The essay is logically organized and the progression of ideas is clear. However, there are some issues with the use of cohesive devices and the overall cohesion of the essay. The essay follows a logical structure, but the use of cohesive devices is sometimes inaccurate or missing, making the connection between ideas less smooth. Additionally, the conclusion could be more effective in summarizing the main points and reiterating the author’s stance.

Suggestions
  • Use a variety of cohesive devices to ensure smooth transition between ideas.
  • Make sure to fully develop your conclusion to effectively summarize the main points and reiterate your stance.

The essay uses a sufficient range of vocabulary and there is evidence of some less common and idiomatic language. However, there are some inaccuracies in word choice and collocation. The essay demonstrates a good command of a wide range of vocabulary related to the topic. However, there are a few instances of awkward or incorrect word choices that could be revised for clarity and accuracy. Additionally, the use of more varied and precise language could help to strengthen the argument.

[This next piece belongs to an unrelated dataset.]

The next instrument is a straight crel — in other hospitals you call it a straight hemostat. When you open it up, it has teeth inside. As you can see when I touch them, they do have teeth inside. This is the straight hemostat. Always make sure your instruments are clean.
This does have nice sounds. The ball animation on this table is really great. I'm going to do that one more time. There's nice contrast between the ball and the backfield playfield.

The essay uses a mix of simple and complex sentence forms and there are some errors in grammar and punctuation. However, these do not detract from the overall clarity of the writing. The essay uses a variety of sentence structures, which adds to the overall quality of the writing. However, there are some grammatical errors that could be addressed for clarity and accuracy. Additionally, the use of more complex grammatical structures could help to strengthen the argument.

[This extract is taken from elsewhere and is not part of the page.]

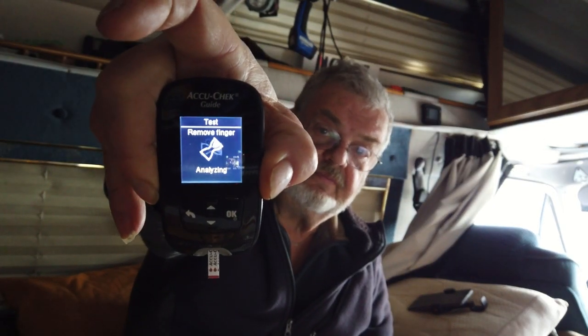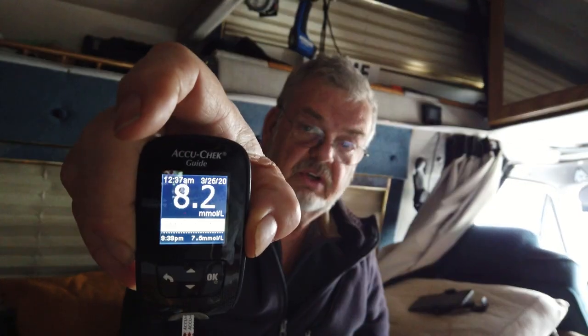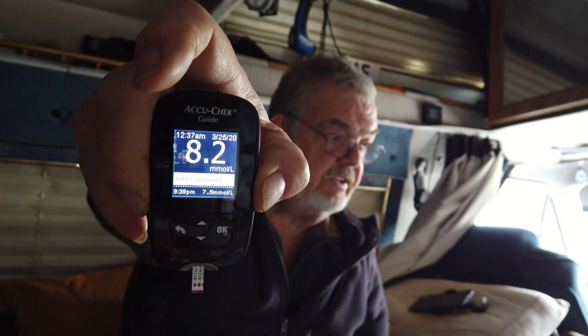Alright guys, it's two hours after eating breakfast. Let's take a readout and see if we got blood in this finger. Ouch — they've got it set too deep, going into the bone! Okay, two hours after a meal: 8.2. Anywhere between 7 and 10.5 is good, so 8.2 is excellent for a diabetic. Incredible!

The essay addresses the task and provides a clear position throughout the response. However, the argument could be more fully developed and supported with specific examples. The essay effectively addresses the prompt by discussing the reasons why some children spend hours on their smartphones and the potential negative consequences of this behavior. The writer presents a clear position and supports it with relevant examples. However, the argument could be further developed to provide a more comprehensive analysis of the issue.

Suggestions
  • Include more specific examples to support your arguments.
  • Ensure that each paragraph fully develops a single idea or argument.